Era la notte fra il 30 ed il 31 ottobre del 1779. Una scintilla fuoriucita dal forno fusorio provocò l'incendio che in sette ore bruciò il paese.

 
«Bagolino, terra delle più ragguardevoli di Val Sabbia così per numero degli abitatori come per il pingue commercio di ferro lavorato e di grassine, ha sofferto la notte susseguente al penultimo d’ottobre un incendio così vorace che nel breve spazio di un’ora l’ha resa tutta intera in cenere».
Questo è l’incipit drammatico di uno dei resoconti ufficiali dedicati alla tragedia che nella notte tra il 30 e il 31 ottobre 1779 colpì il grosso borgo valsabbino.

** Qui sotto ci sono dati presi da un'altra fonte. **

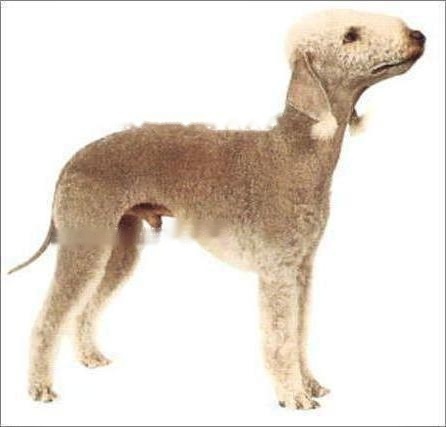 Binglington Terrier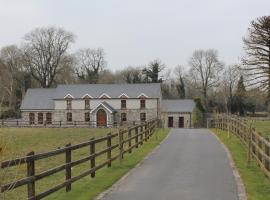 Moynure House Boutique B&B，位于阿斯隆Clonmacnois Church附近的酒店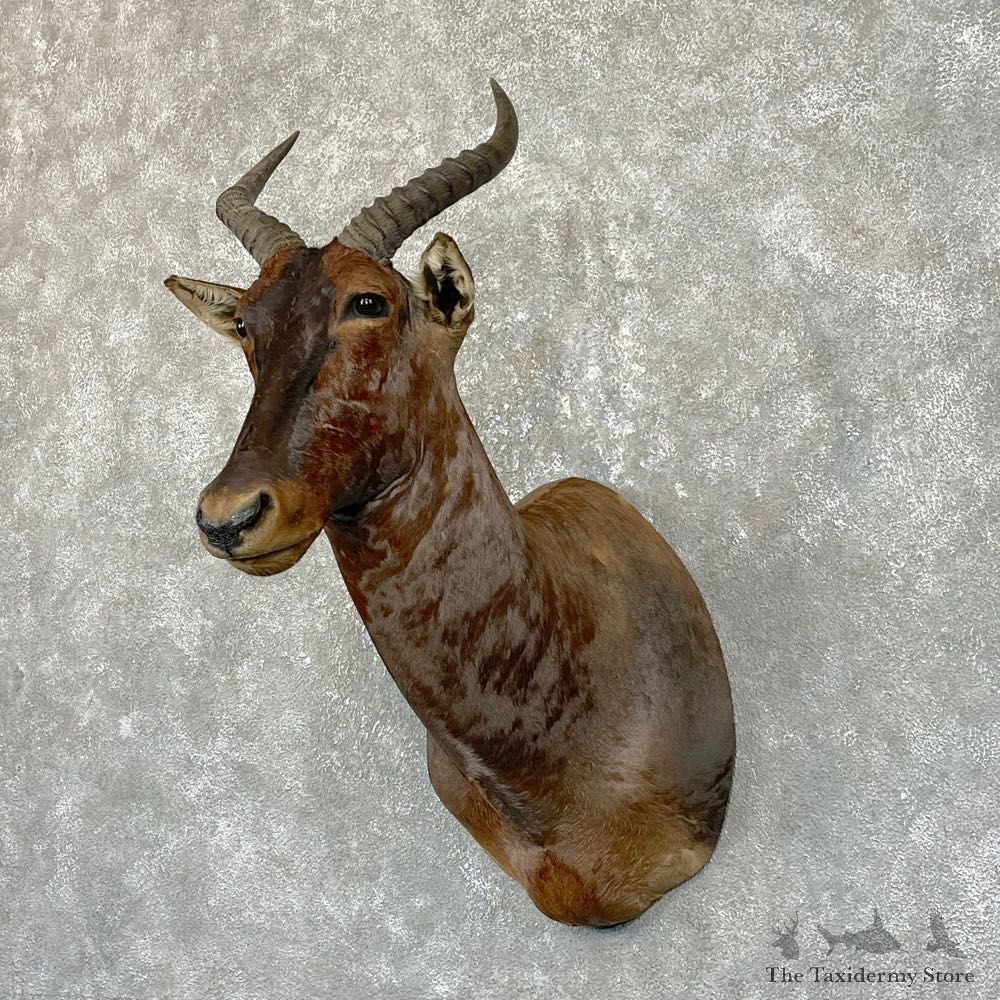 African Tsessebe Shoulder Mount #24938 For Sale @ The Taxidermy Store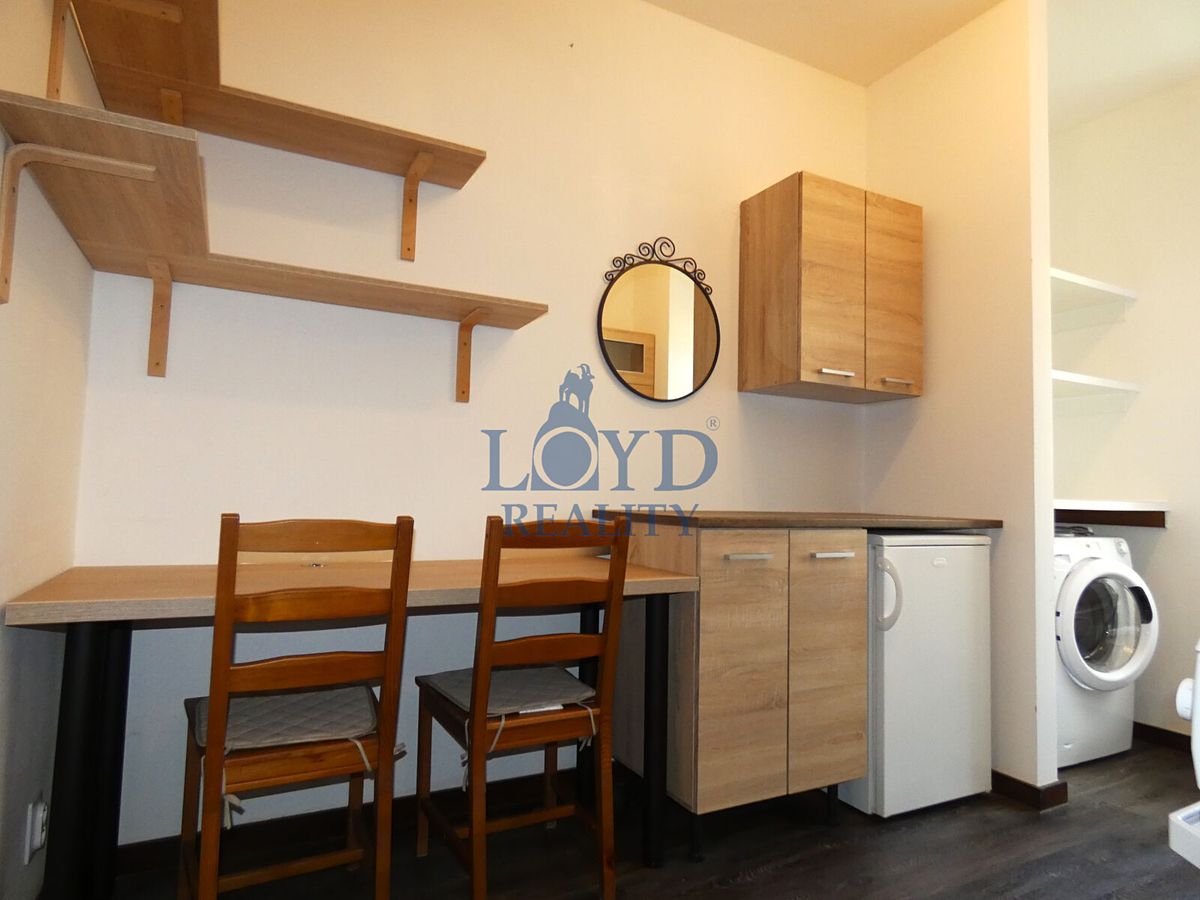 Pronájem bytu 1+1 37 m² – fotografie 3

Bagolino fu investito da un incendio che ebbe origine dai depositi di carbone vegetale situati nei pressi del forno fusorio di proprietà comunale.
 
Incenerite 644 abitazioni Dei 2.994 abitanti che il paese contava, secondo i dati delle autorità venete, oltre 500 perirono; interi nuclei familiari andarono completamente estinti; 644 abitazioni furono incenerite, la parrocchiale e la chiesa di San Lorenzo vennero seriamente danneggiate dalle fiamme, che non risparmiarono neppure il convento delle Monache, benché posto sopra il paese.
Solo poche case in località Salvì, oltre al forno fusorio e alle fucine da ferro, si salvarono dalla furia delle fiamme.
 
In sette ore, tanto durò l’incendio, oggetti preziosi, suppellettili, mobili di pregio e duemila forme di formaggio furono consumati dal fuoco.
Grandi fortune familiari vennero completamente distrutte e centinaia di persone persero ogni loro avere. Tenuto conto delle distanze e delle precarie condizioni delle strade, i soccorsi furono immediati: il sindaco della Comunità di Valle Sabbia si precipitò a Bagolino e il capitano di Brescia inviò il tenente colonnello De Therry.
 
Superati i primi momenti di sconcerto, i soccorritori si dedicarono, con l’aiuto dei bagolinesi, a recuperare e rimuovere dalle case distrutte i cadaveri per seppellirli e coprirli con calce viva con lo scopo di evitare l’esplosione d’epidemie.
A distanza di pochi giorni da quella tragica notte, fu chiaro che l’incendio di Bagolino era per numero di vittime e per entità di perdite materiali uno dei più grandi disastri del secolo per il Bresciano.
 
Ricostruzione conclusa nel 1796 Per questo le autorità bagolinesi, oltre a fornire un sussidio alla propria gente, chiesero aiuto alla città di Brescia e a Venezia, che risposero con generosità all’appello.
Tuttavia gli stanziamenti erogati e le esenzioni fiscali concesse risultarono insufficienti per affrontare la ricostruzione, tanto che, nell’autunno del 1780, la Serenissima concesse un prestito di 20.000 ducati con lo scopo di portare a termine l’imponente opera di riedificazione del borgo.
 
Già sul finire del 1783, quando don Giambattista Portesi, che aveva condiviso le sofferenze dei propri parrocchiani, si congedò da Bagolino, la ricostruzione era a buon punto.
Tuttavia, solo nel 1796, quando i consoli di Bagolino pubblicarono una nuova edizione degli statuti dedicandola al nobile Carlo Uggeri, che in quegli anni si era adoperato non poco in favore dei bagolinesi, il piano di ricostruzione giunse a conclusione.
La ristampa della legge municipale segnò la rinascita di Bagolino, fortemente voluta dalla sua gente.